How to complete this task:
Retype exactly what appears below from the line containing "Catamaran à louer à Pula au meilleur prix" down to the line containing "Photo 14 of", keeping both end lines. Do not include pictures.

Data to use:

• • •

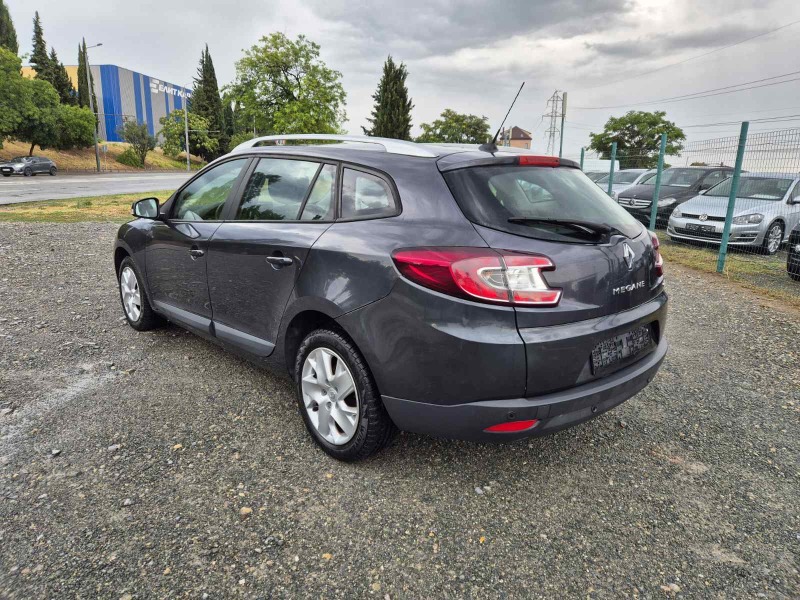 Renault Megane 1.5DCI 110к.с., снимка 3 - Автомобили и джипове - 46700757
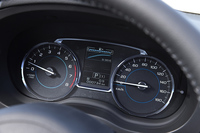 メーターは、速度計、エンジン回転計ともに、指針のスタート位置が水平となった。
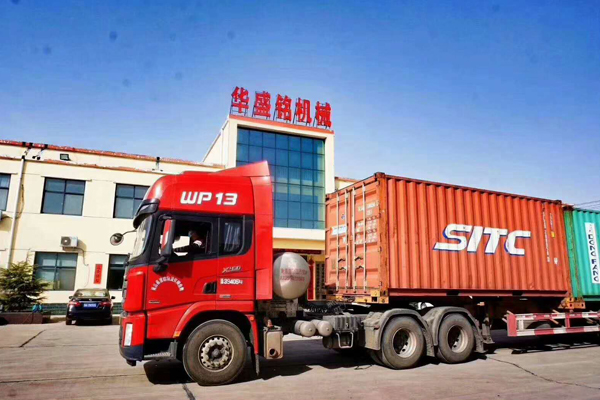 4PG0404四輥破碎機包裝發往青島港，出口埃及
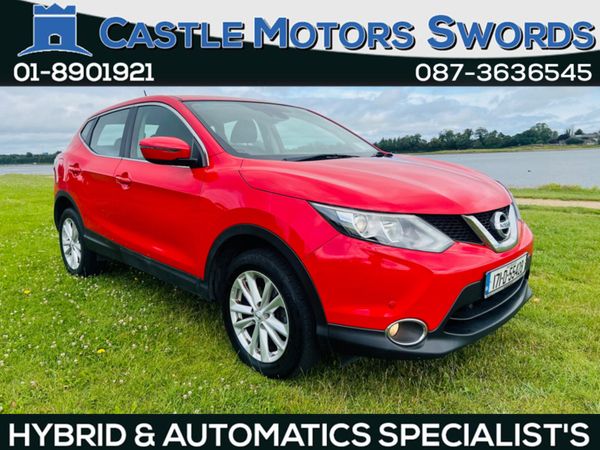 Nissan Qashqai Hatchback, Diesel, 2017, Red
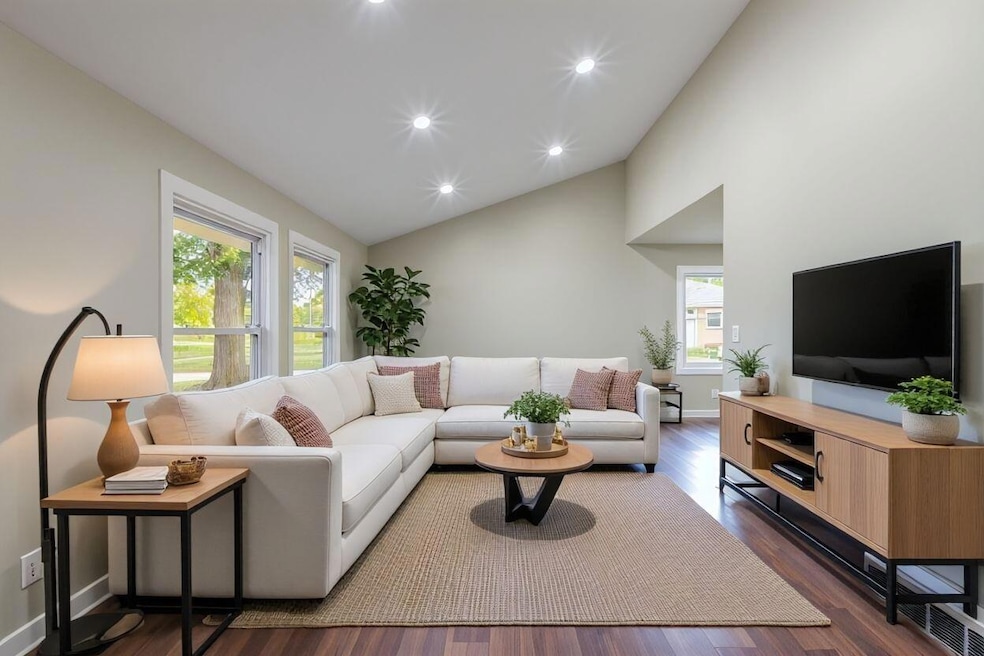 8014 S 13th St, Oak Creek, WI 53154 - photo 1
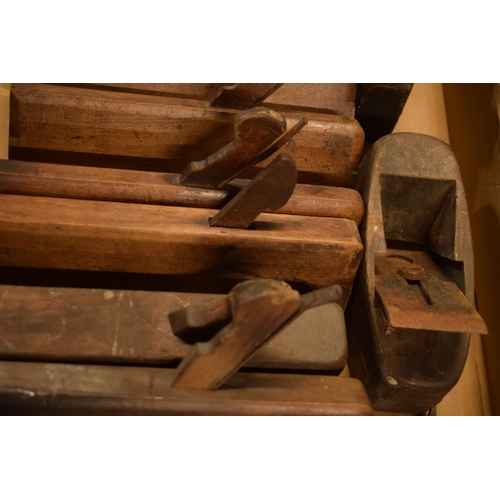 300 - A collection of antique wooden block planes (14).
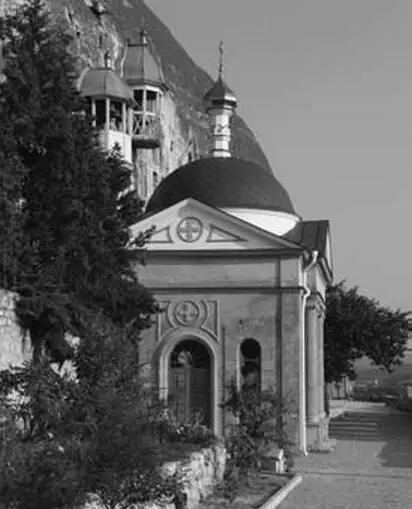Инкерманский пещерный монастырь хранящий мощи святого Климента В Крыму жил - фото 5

• • •

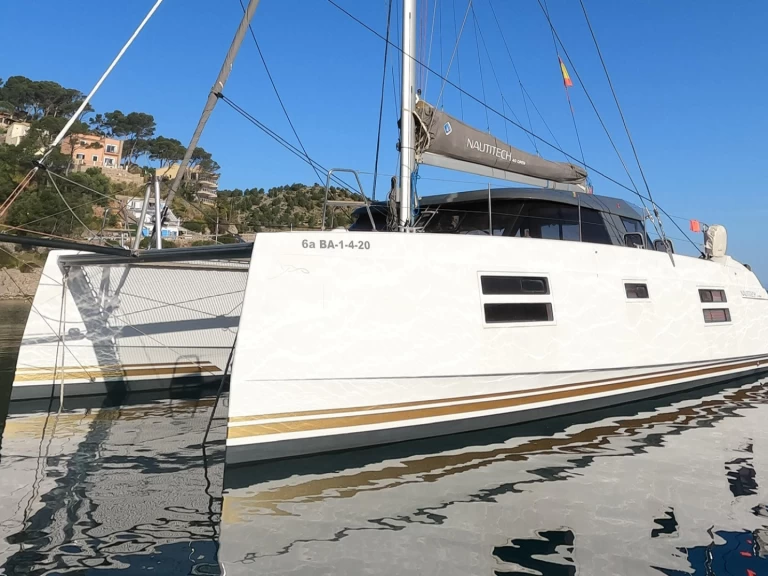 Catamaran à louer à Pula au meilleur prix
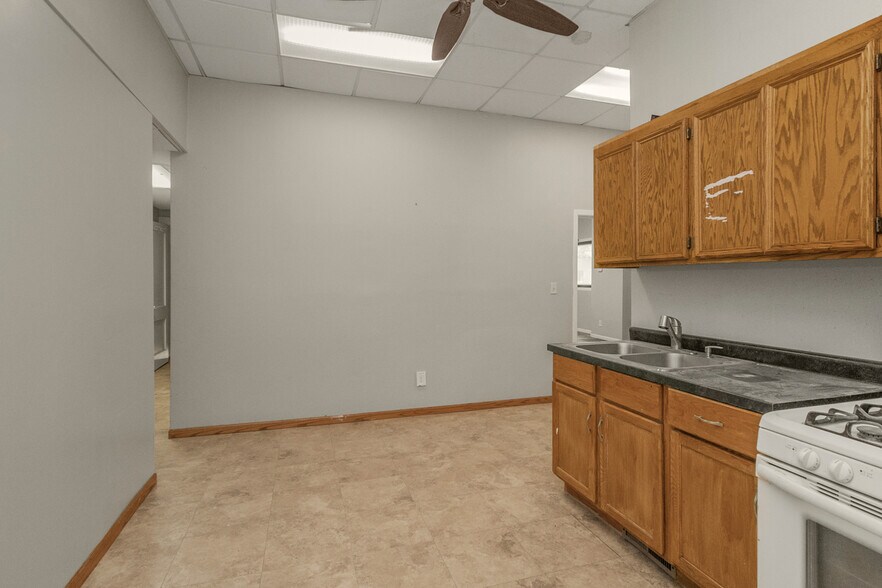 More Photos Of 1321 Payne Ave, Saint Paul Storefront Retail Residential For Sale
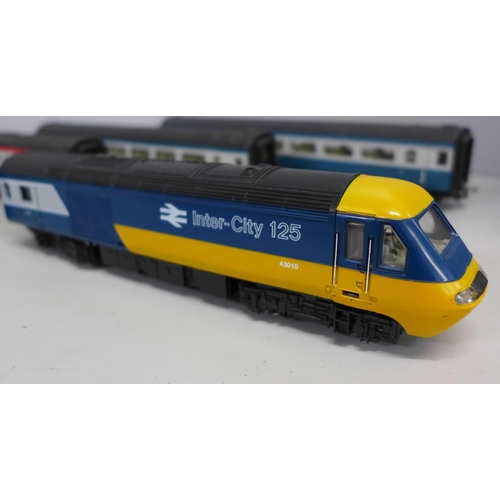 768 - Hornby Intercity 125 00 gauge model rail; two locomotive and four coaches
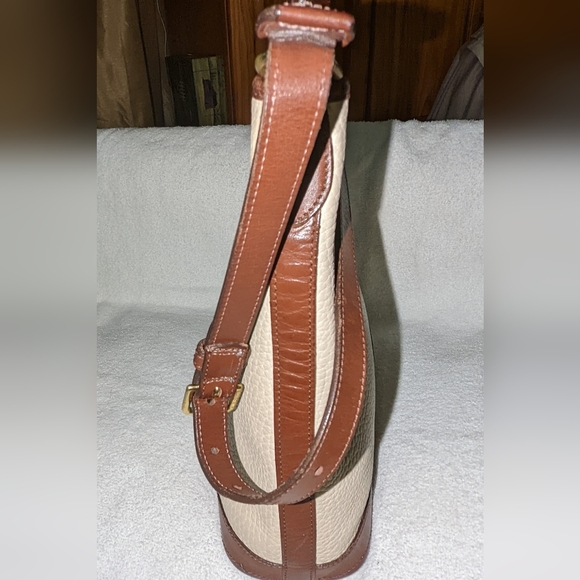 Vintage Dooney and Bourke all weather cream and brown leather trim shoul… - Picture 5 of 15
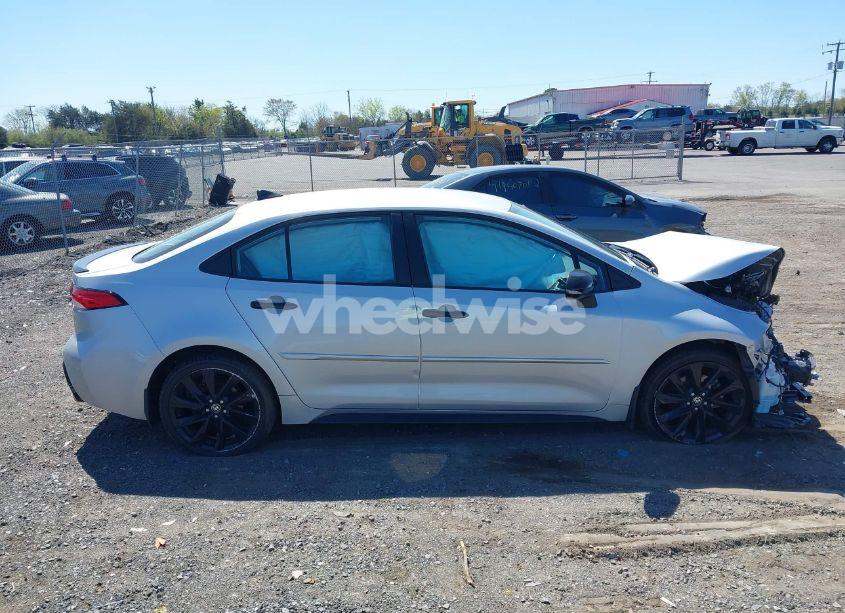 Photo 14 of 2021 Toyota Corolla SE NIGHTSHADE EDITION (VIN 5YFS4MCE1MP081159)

• • •

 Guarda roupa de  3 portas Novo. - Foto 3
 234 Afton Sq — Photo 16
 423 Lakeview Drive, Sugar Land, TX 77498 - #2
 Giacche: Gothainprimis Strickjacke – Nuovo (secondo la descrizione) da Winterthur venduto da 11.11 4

• • •

Solution to the problem:
 Catamaran à louer à Pula au meilleur prix
 More Photos Of 1321 Payne Ave, Saint Paul Storefront Retail Residential For Sale
 768 - Hornby Intercity 125 00 gauge model rail; two locomotive and four coaches
 Vintage Dooney and Bourke all weather cream and brown leather trim shoul… - Picture 5 of 15
 Photo 14 of 2021 Toyota Corolla SE NIGHTSHADE EDITION (VIN 5YFS4MCE1MP081159)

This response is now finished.